O engajamento aos problemas da realidade social, como projeto do fazer artístico, foi uma das características das artes plásticas na segunda metade dos anos sessenta, e que envolveu um grande numero de artistas, que criaram com suas obras situações de enfrentamento cultural e político, nos debates que se radicalizavam naquele período. Mas Cláudio Tozzi foi um dos raros artistas cujo "engajamento artístico" se deu não apenas nas temáticas de sua obra, mas como um processo contínuo de trabalho, determinado também, em parte, por um compromisso cultural que não se restringia às artes palsticas.
Cláudio Tozzi desenvolveu uma trajetória em que o pensamento e a experimentação estiveram sempre presentes, nas diversas fases da sua obra. Tozzi não é intuitivo; ao contrario, é reflexivo e metódico. As imagens são construídas com forte influencia gráfica, desde de seus primeiros trabalhos. Ainda hoje, apesar da cor ser sua preocupação dominante, Cláudio Tozzi continua a produzir "imagens gráficas".
Essas características gráficas e a simplicidade de tratamento aparecem desde os trabalhos "Paz" e "Guerra e Paz", ambos produzidos entre 1963 e 1964. Apesar de serem obras de um artista iniciante já trazem a preocupação de construir imagens socialmente comprometidas, e já introduzem apropriações gráficas na composição de seu "material sociológico".
A forca compositiva da obra "Paz" se deve à estrutura compacta dos diversos elementos que formam sua mensagem. Embora de caráter linear, cada espaço isolado atua significativamente sobre outro, e os três se articulam para formar uma unidade compositiva sob tensão. Com esse trabalho, Cláudio Tozzi já se situa na vanguarda artística daquele período.

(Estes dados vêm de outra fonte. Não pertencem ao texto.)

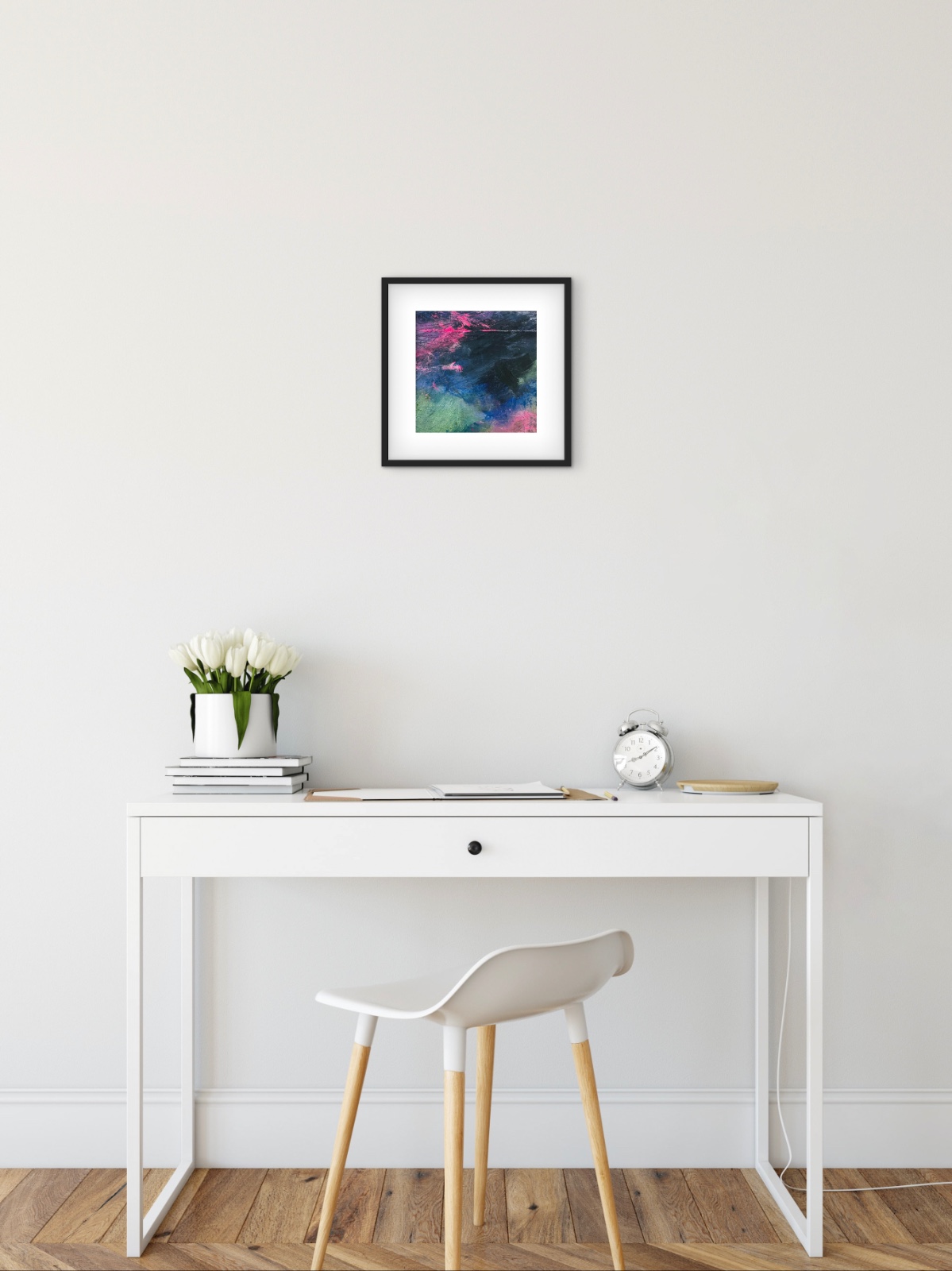 Abstract Schilderij Donkerblauw & Neonroze – Acryl op Hout 32x32cm – ‘Neon Nightfall’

Já o quadro "Guerra e Paz" é de conteúdo mais dramático. Com suas colagens de fragmentos de jornal, realizadas numa aparente desordem compositiva, traz certos elementos do expressionismo abstrato, que não vão aparecer mais em sua obra. Nos jornais rasgados pode haver influencia de Rotella, um dos artistas mais interessantes daquela época, italiano, um dos iniciadores da "decollage", dos cartazes de ruas destacados como fragmentos da iconografia urbana. Os fragmentos rasgados aparecem nessa obra de Tozzi como indícios de situações sociais, como pedaços de documentos da realidade.
Observa-se também, nesses dois trabalhos de Cláudio Tozzi, um interesse pela linguagem que Sergio Ferro e Flavio Império desenvolviam naqueles anos, ambos também ligados à Faculdade de Arquitetura e Urbanismo da USP, e ao movimento do novo realismo.